__Data supplied__

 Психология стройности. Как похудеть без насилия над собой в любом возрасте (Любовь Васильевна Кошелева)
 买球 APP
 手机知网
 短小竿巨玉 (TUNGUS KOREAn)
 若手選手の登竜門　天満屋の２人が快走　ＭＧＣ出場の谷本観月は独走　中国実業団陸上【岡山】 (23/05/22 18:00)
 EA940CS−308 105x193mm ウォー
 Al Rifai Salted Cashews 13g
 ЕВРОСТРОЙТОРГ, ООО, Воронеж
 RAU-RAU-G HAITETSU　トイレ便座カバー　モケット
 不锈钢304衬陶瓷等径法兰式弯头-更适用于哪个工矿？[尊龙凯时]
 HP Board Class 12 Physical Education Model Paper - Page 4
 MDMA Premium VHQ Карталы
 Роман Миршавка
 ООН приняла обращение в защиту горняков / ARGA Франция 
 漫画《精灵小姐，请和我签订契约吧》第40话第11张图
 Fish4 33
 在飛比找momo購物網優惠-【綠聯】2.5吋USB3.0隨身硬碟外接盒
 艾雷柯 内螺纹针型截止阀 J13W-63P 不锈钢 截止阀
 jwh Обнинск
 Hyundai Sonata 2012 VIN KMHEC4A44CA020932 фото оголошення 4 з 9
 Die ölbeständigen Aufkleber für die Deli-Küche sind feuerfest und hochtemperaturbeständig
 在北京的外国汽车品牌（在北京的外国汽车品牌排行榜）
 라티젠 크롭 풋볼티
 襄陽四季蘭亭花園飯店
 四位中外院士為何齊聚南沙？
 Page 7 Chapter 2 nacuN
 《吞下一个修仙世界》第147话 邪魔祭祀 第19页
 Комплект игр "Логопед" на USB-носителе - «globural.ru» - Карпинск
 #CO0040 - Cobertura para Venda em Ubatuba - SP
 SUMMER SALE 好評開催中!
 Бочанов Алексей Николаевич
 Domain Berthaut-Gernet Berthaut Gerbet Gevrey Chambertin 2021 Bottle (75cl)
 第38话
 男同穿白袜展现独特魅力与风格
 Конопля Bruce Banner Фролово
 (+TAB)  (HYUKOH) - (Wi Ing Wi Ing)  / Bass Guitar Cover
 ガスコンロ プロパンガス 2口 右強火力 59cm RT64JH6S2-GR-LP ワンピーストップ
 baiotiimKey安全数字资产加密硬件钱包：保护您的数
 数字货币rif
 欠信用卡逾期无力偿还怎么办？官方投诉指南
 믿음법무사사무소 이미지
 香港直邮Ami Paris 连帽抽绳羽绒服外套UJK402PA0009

__What is required__
Search the records above for the string "Page". Report each line that has it.

__Answer to the problem__
 HP Board Class 12 Physical Education Model Paper - Page 4
 Page 7 Chapter 2 nacuN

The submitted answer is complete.